Not all that glitters is gold: Some struggle to afford UT Ring Ceremony

Katya Bandouil

As a first-generation student, chemistry junior Nicole Kim wanted to take part in the celebratory ring ceremony tradition. What she didn’t know was that it would end up costing her hundreds of dollars in unanticipated expenses and a ring upgrade she wasn’t looking for. 

Upon completing 75 hours of coursework, it is a time-honored tradition for students to reward themselves with a shiny keepsake to commemorate their time at UT. However, this tradition often comes with a financial burden.

“On the website there’s an option called ‘Metal Type,’” Kim said. “You have to choose a type or you can’t check out. The cheapest metal type offered is $670.00 10 (karat) gold. I was confused because I thought that the base price for rings was $450.00, not almost $700.” 

After inquiring with a Balfour representative about the possibility of a cheaper option, Kim learned that 10 karat gold is the minimum-cost option that UT offers for students to purchase. 

“I feel like when I saw the $450 (ring cost), I could kind of justify it in my mind a little bit,” Kim said. “But that $670 hit me hard.”

Texas Exes, the UT alumni group that oversees continuing the tradition of selling class rings, regarded the minimum metal requirement as a question of quality rather than cost. 

“Because of its longevity, quality and durability, the official University of Texas class ring is offered in 10 (karat), 14 (karat), or 18 (karat) gold,” vice president of engagement Courtney Roehling said. 

 According to Texas Exes vice president of communications Dorothy Guerrero, there are other options available for students to purchase a ring when they are able to financially.

“We understand that purchasing a ring isn’t financially feasible for everyone,” Guerrero said. “Beyond the payment plan, we want students to know that once you earn 75 credit hours, you will always be eligible to participate in the tradition. We have many alumni who have waited until they were further along in their careers to purchase a ring, and they join in the celebration when they do. You can always have your ring dedicated in the Tower the year that you purchase.”

Using PayPal Credit, a third-party payment option, Kim was able to purchase her upgraded ring. Although Balfour offers one payment plan, it is split up into three months and Kim did not find it practical for her situation.

“I have a PayPal Credit account which gives me six months to pay off my bill and it’s a lot easier that way,” Kim said. “If the ring was originally $450 like I thought it would be, I think I would’ve been more open to using the Balfour three monthly payments.” 

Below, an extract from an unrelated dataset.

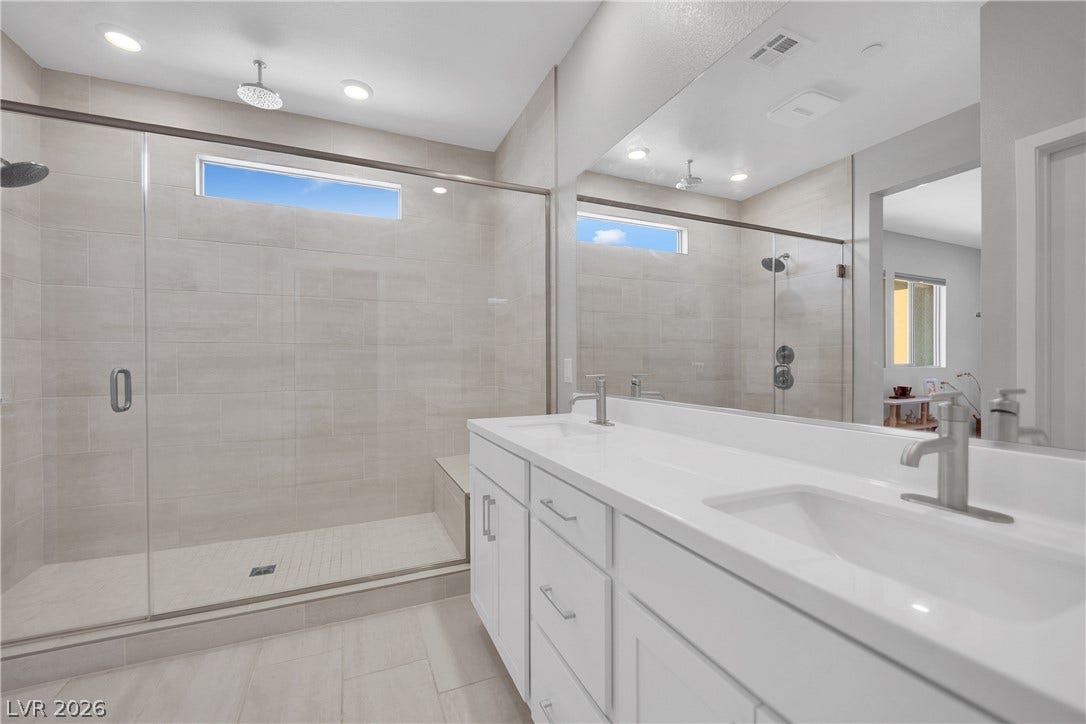 11572 Desert Hollow Avenue, Las Vegas, NV 89138 Dual vanities and an oversized glass-enclosed shower create a rejuvenating primary bathroom experience.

Roxanne Springman, an arts and entertainment technologies junior, said providing cheaper ring alternatives could help students like her and Kim participate in the school tradition.

“I knew I wanted a ring, however, I didn’t expect it to be over a half grand,” Springman said. “The pricing of the ring restricts it to only the wealthier class of UT students and causes many to miss out on that feeling of accomplishment.”

Springman also said altering the payment plans could make a difference in students’ ability to purchase a ring.

“Having longer payment plans and ring options would absolutely motivate me to buy a ring right now,” Springman said. “I simply cannot pay off a ring in three months.”

Kim proposed that UT should consider allowing more financially feasible options for students.

“If UT were open to including the cheaper metals that Balfour offers to allow the rings to be more affordable, I’m sure more people would buy,” Kim said.